Badan Eksekutif Mahasiswa Fakultas Hukum Universitas Wijaya Putra (BEM FH UWP) menggelar seminar bertemakan Kepastian Hukum dengan tajuk "Pelaksanaan Demokrasi Dalam Pemilu" pada Sabtu, 16 Maret 2024 di Gedung E, UWP Kampus Benowo.
Pemateri pada seminar tersebut ialah Pakar Hukum Tata Negara & Administrasi Negara UWP, Dr. Nuryanto A. Daim, S.H., M.H., serta dimoderatori oleh Mahasiswa FH UWP, Teguh Harjono.
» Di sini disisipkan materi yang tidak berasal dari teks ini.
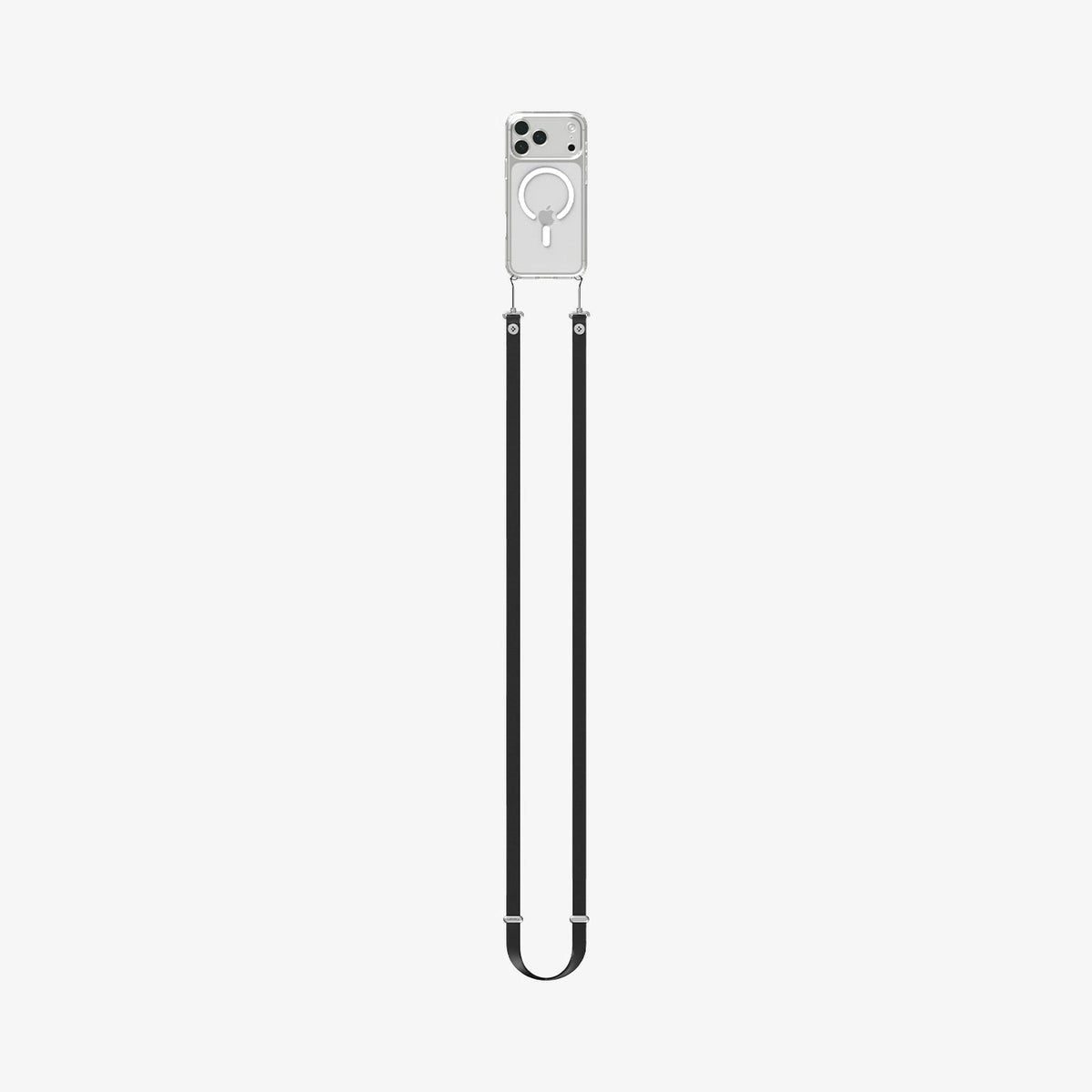 AFA10614 - Spigen Universal Phone Lanyard Strap showing full length strap with phone attached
Seminar tersebut dihadiri oleh puluhan peserta yang terdiri dari mahasiswa FH UWP serta para akademisi dan aktivis hukum di Jawa Timur. Seminar tersebut dibuka langsung oleh Dekan FH UWP, Dr. Andy Usmina Wijaya, S.H., M.H.
Pada sesi pemaparan, Dr. Nuryanto menyampaikan landasan teoritis dan historis dari demokrasi. Ia menyampaikan bahwa demokrasi berakar dari pengalaman bernegara dari Bangsa Yunani Kuno.
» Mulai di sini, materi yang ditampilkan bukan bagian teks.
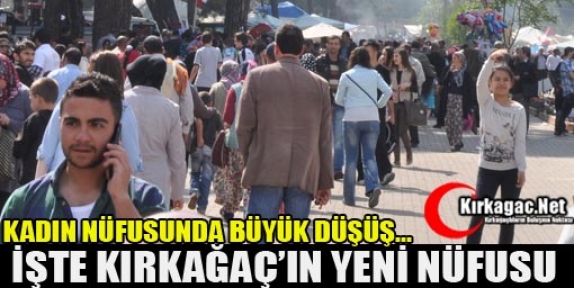 İŞTE KIRKAĞAÇ'IN YENİ NÜFUSU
"Ada banyak prinsip dalam sistem politik demokrasi. Di antaranya ialah pemilu yang bebas, partai politik lebih dari satu dan mampu melaksanakan fungsinya, tata kelola pemerintahan yang terbuka, pers yang bebas dan pengakuan terhadap hak-hak minoritas", paparnya.
Nuryanto juga memaparkan sejumlah temuannya terkait ironi demokrasi di Indonesia saat ini. Di antaranya ialah kekuasaan yang terbesar berada di DPR, sampai-sampai seluruh lembaga negara di Indonesia dibentuk oleh DPR. Selanjutnya ialah Anggota DPR menjadi petugas partai sehingga bekerja hanya untuk partai, bukan untuk rakyat. Kemudian tidak adanya prinsip check and balances sehingga muncul kekuasaan yang dominan.
"Hal ini bisa dilihat pada pelaksanaan Pemilu kemarin. Sejatinya, sistem pemilu kita sudah cukup demokratis. Permasalahannya rakyat Indonesia sebagai pemilih tidak memahami proses pemilu sebagai proses penyerahan sebagian kedaulatan rakyat kepada orang yang dipilihnya", ujarnya.
Ia juga menyoroti mahalnya biaya politik atau political high cost di Indonesia. Berdasarkan penelitian dari sejumlah lembaga riset, seorang calon anggota DPR maupun DPRD harus menyiapkan ratusan juta hingga miliaran rupiah untuk biaya yang diperlukan dalam rangka Pemilu seperti kampanye dan sebagainya.
"Akhirnya penguasa pada pemerintahan ialah orang-orang yang memiliki kekuatan di bidang ekonomi dan logistik seperti korporasi. Inilah yang melahirkan Sistem Corporatocracy", ujarnya.
Di akhir, beliau menekankan bahwa salah satu solusinya ialah memperkuat lembaga pengawasan eksternal serta membangun kesadaran politik masyarakat melalui LSM Pemantau Pemilu.
"Ini adalah tugas kita bersama sebagai civitas akademika di Indonesia", tandasnya.